大意是给你一堆字符串,每次询问两个字符串的前缀和后缀的最大匹配。

思路

显然要用AC自动机做。

我们能用的有两棵树:Trie树和Fail树,一个代表前缀,一个代表后缀,很自然的往两棵树上去考虑。

对于前缀而言,在将字符串插入Trie树的时候,我们同时在它经过的每个节点上加入当前字符串的编号和它到这里时的长度。

离线询问。

然后在fail树上dfs,经过的点就将它上面的信息加入set中(每个字符串建一个set,表示当前字符串前面出现的前缀的值)。
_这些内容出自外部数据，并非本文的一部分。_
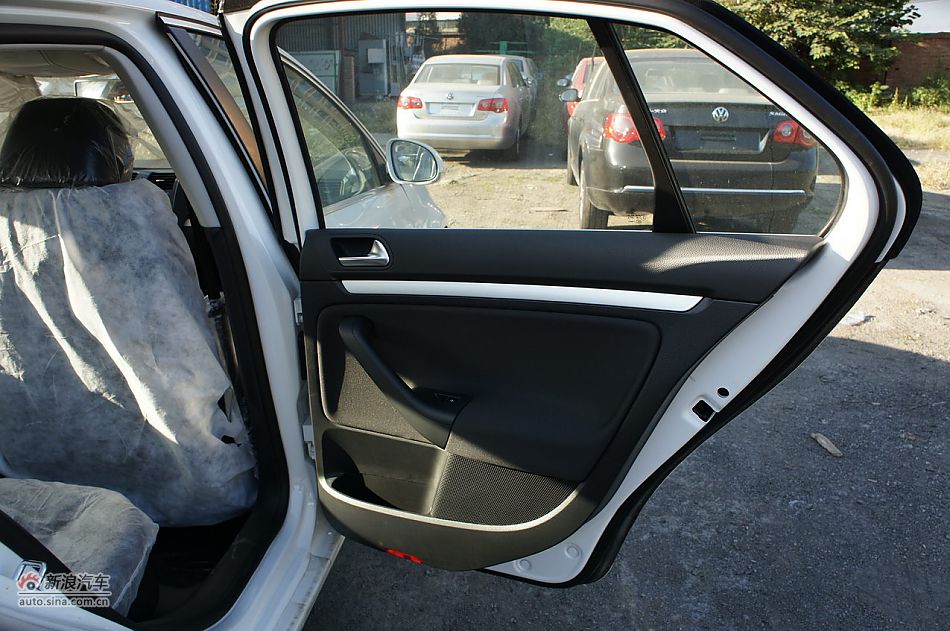 2011款速腾1.6L自动舒适型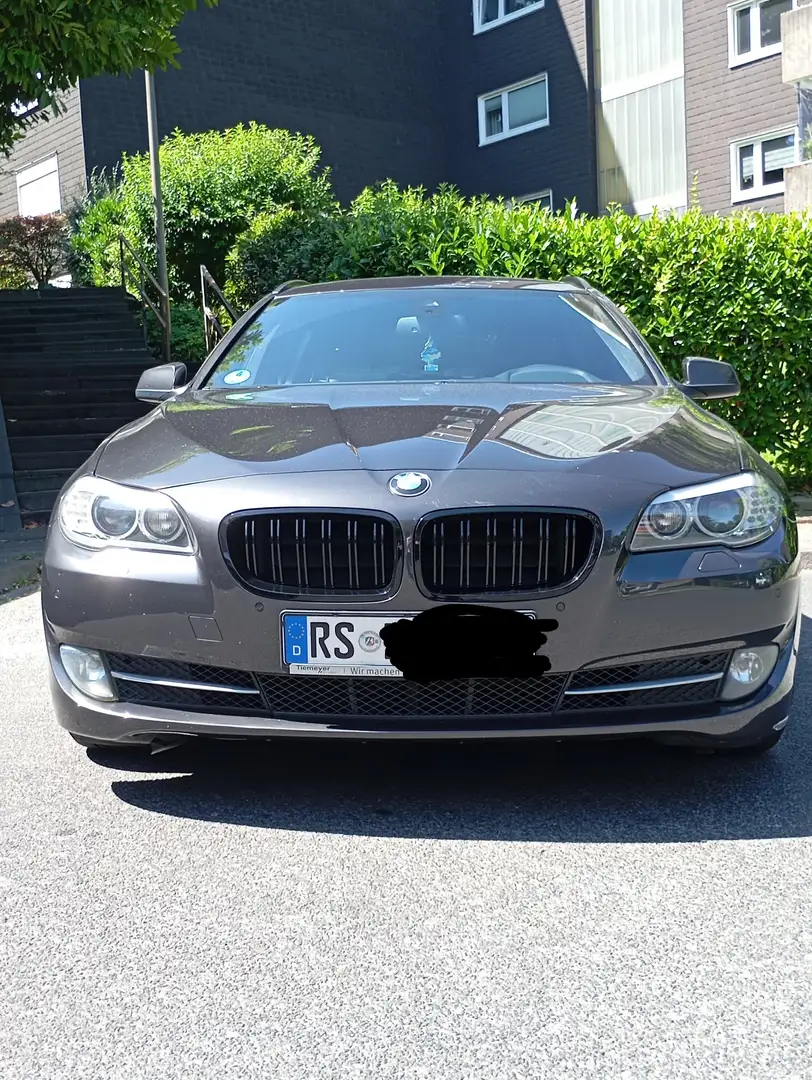 BMW 520 d Unfallfrei Vollausstattung Rückfahrkamera 3.Hand Grau - 1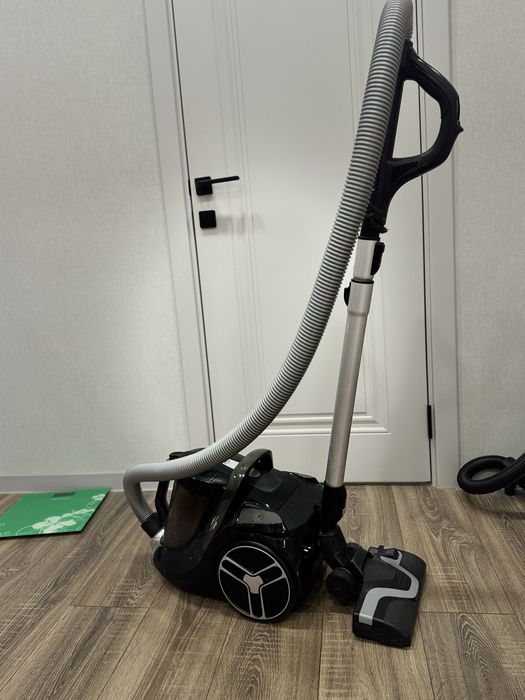 Пылесос Tefal. В отличном состоянии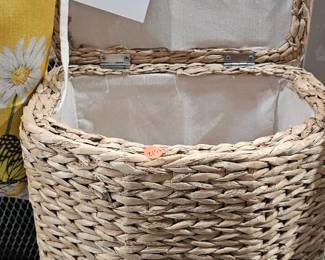 HAMPER BASKET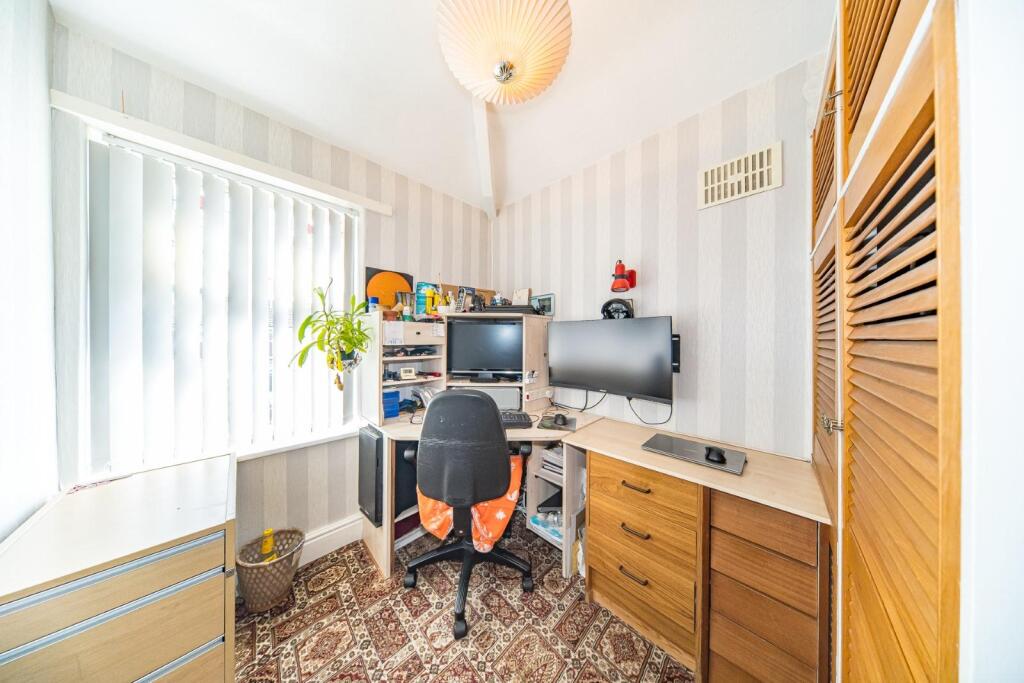 37 Stanley Road bedroom 3.jpg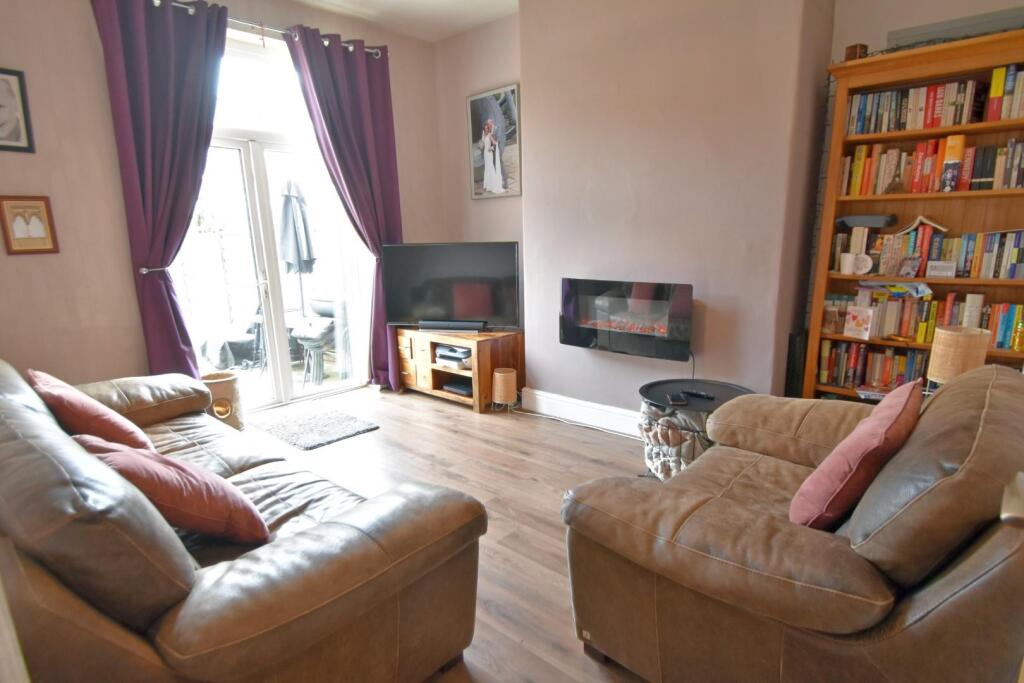 House in Bury, Chesham - View 3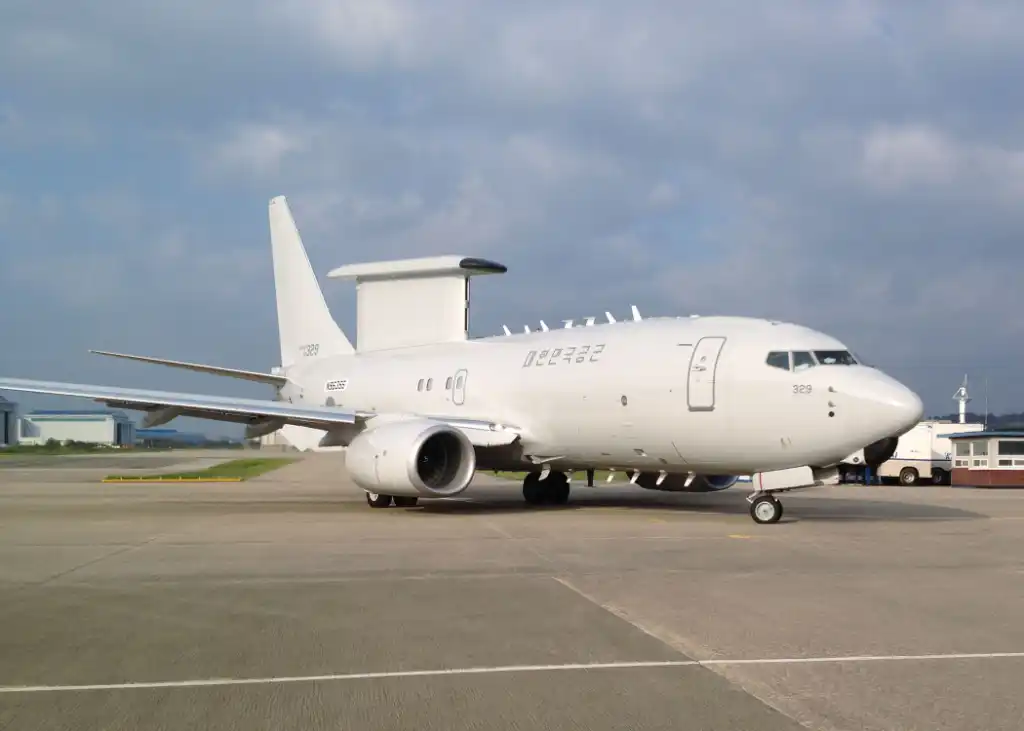South Korean E-7 Peace Eye taxiing at Gimhae Air Base during acceptance ceremony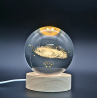 Lámpara Bola De Cristal LED Diseño De Galaxia Con Base De Madera 8 Cm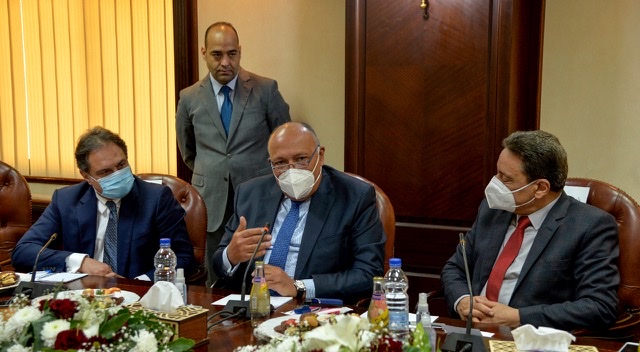  وزير الخارجية يلتقي رؤساء تحرير وإعلاميين بمقر المجلس الأعلى للإعلام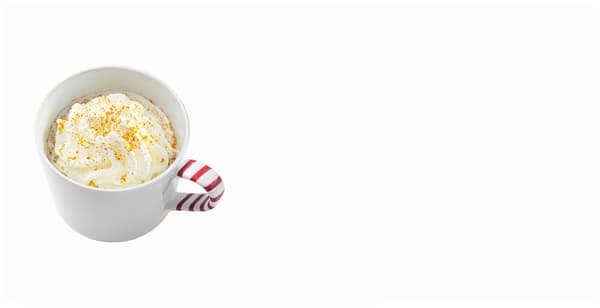 Pumpkin spice latte se šlehačkou v hrnečku VINTERFINT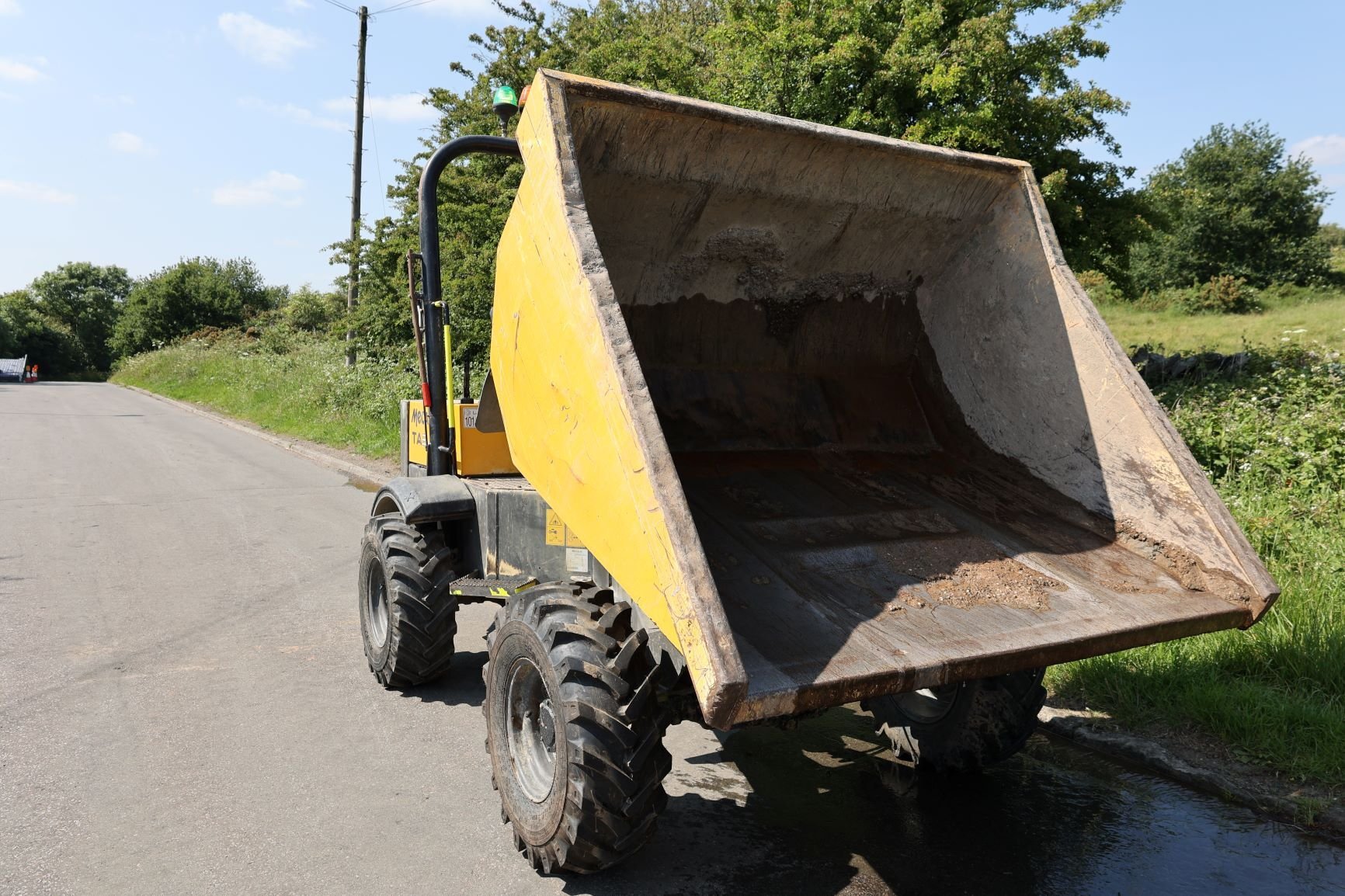 Mecalac TA3h 8415 right front skip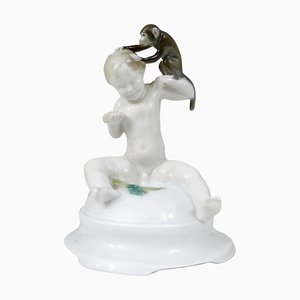 Figura de porcelana Putto y mono atribuida a Ferdinand Liebermann para Rosenthal, 1910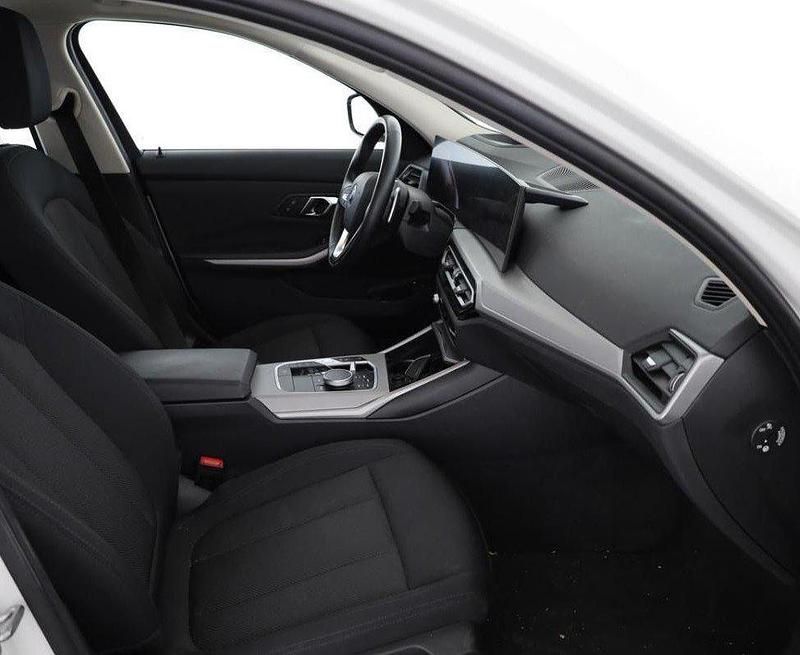 Gebraucht BMW 330e Comfort Edition 292 PS (214 kW) 2023 Kombi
然后因为fail树记录的是后缀

,所以从根到某个节点路径上的每一个节点,都是当前点的后缀,这样前缀和后缀就建立匹配了。

因为i,j打错调了一天

代码

#include<bits/stdc++.h>
#define M 100005
#define clr(x,y) memset(x,y,sizeof(x))
using namespace std;
int n,m,mp[105];
int val[M],ttt[3],h[3][M],ans[M];
set<int>SS[M]; 
struct edge{
    int nxt,to,ex;  
}G[3][M<<1];
void Add(int a,int b,int c,int op){
    G[op][++ttt[op]]=(edge){h[op][a],b,c};
    h[op][a]=ttt[op];   
}
struct AC_automaton{
    int tt,tot;
    int pa[M][5],f[M];
    void clear(){
        clr(pa,0);
        clr(f,0);
        tt=tot=0;
    }
    void Insert(char *S,int d){
        int u=0,l=strlen(S);
        for(int i=0;i<l;i++){
            if(!pa[u][S[i]])pa[u][S[i]]=++tt;
            u=pa[u][S[i]];
            Add(u,d,i+1,1);
        }
        val[d]=u;
    }
    void get_fail(){
        queue<int>Q;
        for(int i=1;i<=4;i++){
            if(pa[0][i]!=0){
                f[pa[0][i]]=0;
                Q.push(pa[0][i]);   
            }
        }
        while(!Q.empty()){
            int u=Q.front();Q.pop();
            for(int i=1;i<=4;i++){
                if(pa[u][i]!=0){
                    f[pa[u][i]]=pa[f[u]][i];
                    Q.push(pa[u][i]);
                }
                else pa[u][i]=pa[f[u]][i];
            }
        }
        for(int i=1;i<=tt;i++)Add(f[i],i,-1,0);//fail树 
    }
}Tr;
char S[M];
void dfs(int x){
    for(int i=h[1][x];i;i=G[1][i].nxt)SS[G[1][i].to].insert(G[1][i].ex);
    for(int i=h[2][x];i;i=G[2][i].nxt){
        if(SS[G[2][i].to].empty())ans[G[2][i].ex]=0;
        else ans[G[2][i].ex]=*(--SS[G[2][i].to].end());
    }
    for(int i=h[0][x];i;i=G[0][i].nxt)dfs(G[0][i].to);
    for(int i=h[1][x];i;i=G[1][i].nxt)SS[G[1][i].to].erase(G[1][i].ex);
}
int main(){
    mp['A']=1;mp['T']=2;mp['C']=3;mp['G']=4;
    while(~scanf("%d%d",&n,&m)){
        Tr.clear();clr(h,0);clr(ttt,0);clr(val,0);
        for(int i=1;i<=n;i++){
            SS[i].clear();
            scanf("%s",S);
            int l=strlen(S);
            for(int j=0;j<l;j++)S[j]=mp[S[j]];
            Tr.Insert(S,i);
        }
        Tr.get_fail();
        for(int i=1,a,b;i<=m;i++){
            scanf("%d%d",&a,&b);
            Add(val[a],b,i,2);
        }
        dfs(0);
        for(int i=1;i<=m;i++)
            printf("%d\n",ans[i]);
    }
    return 0;
}

复杂度分析:

每个串的每个点,都会进出set一次,而串的总长不超过1e5,所以复杂度是\(O(nlogn)\)的。